══ Given data ══
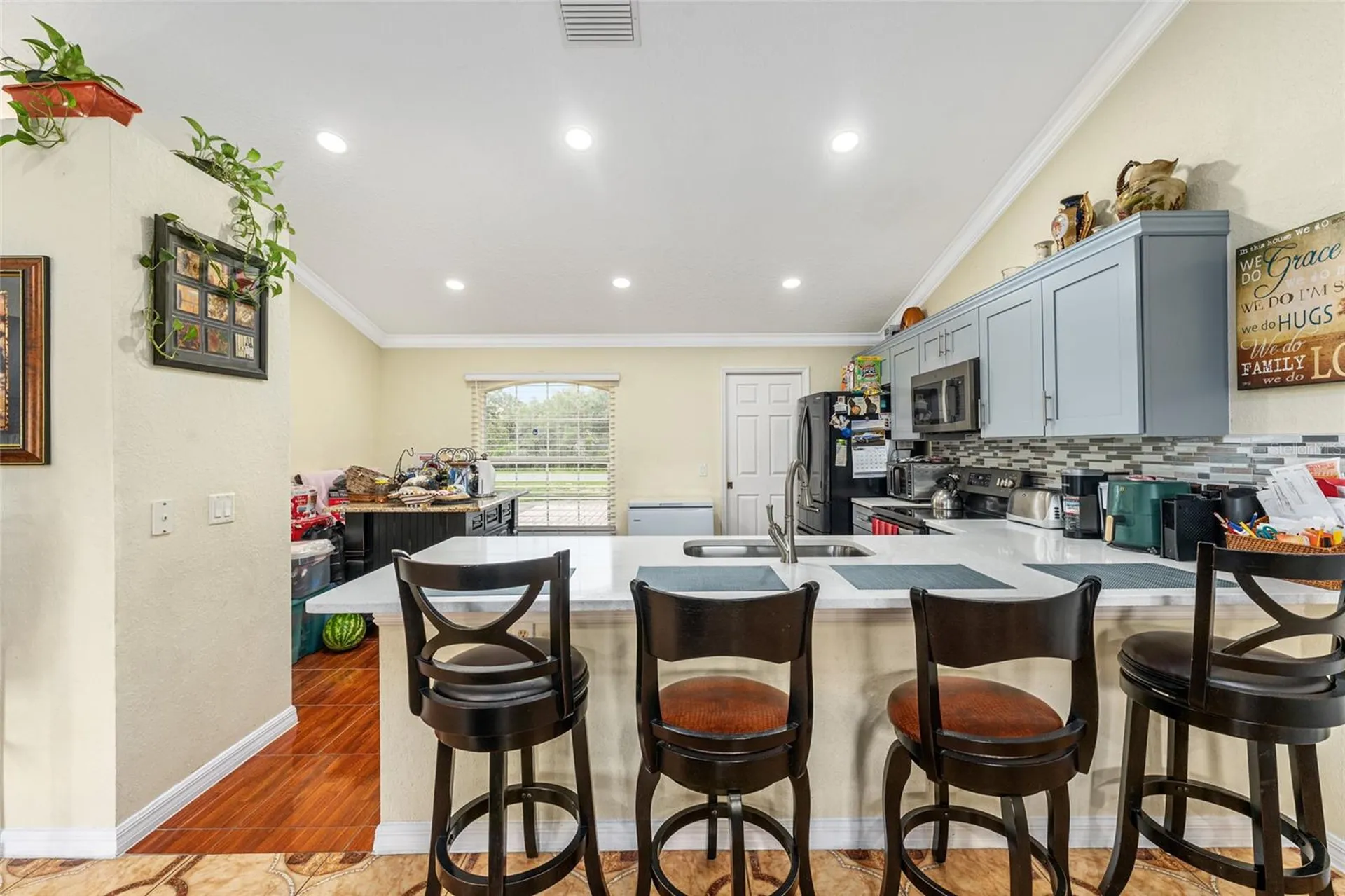 16900 SW 42nd Avenue Road Ocala FL 34473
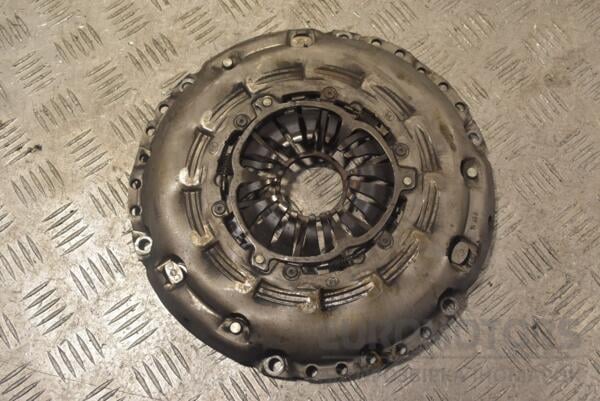 Корзина сцепления Hyundai i30 2.0 T-GDI 2017 4130024050 239229 - 2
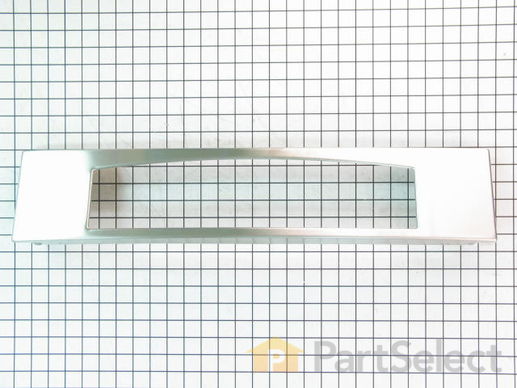 8719968-1-M-Bosch-00486264-Facia Panel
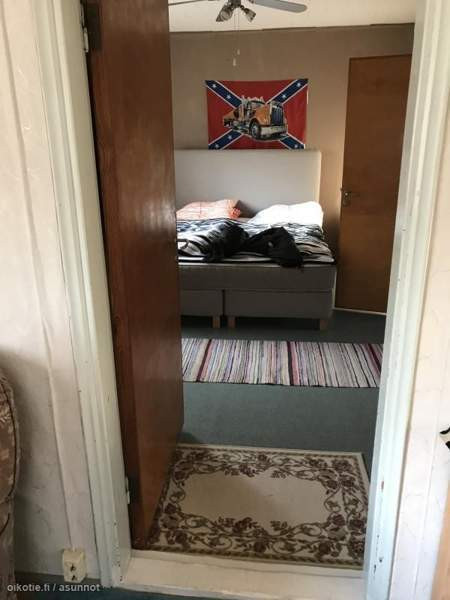 4h  Dzhankoy – foto 6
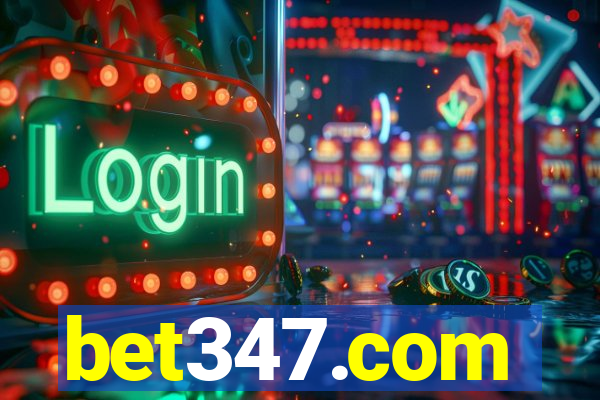 bet347.com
═══
** What this task involves **
Your task is to restate every record word for word. Omit all pictures.

** Exercise output **
 16900 SW 42nd Avenue Road Ocala FL 34473
 Корзина сцепления Hyundai i30 2.0 T-GDI 2017 4130024050 239229 - 2
 8719968-1-M-Bosch-00486264-Facia Panel
 4h  Dzhankoy – foto 6
 bet347.com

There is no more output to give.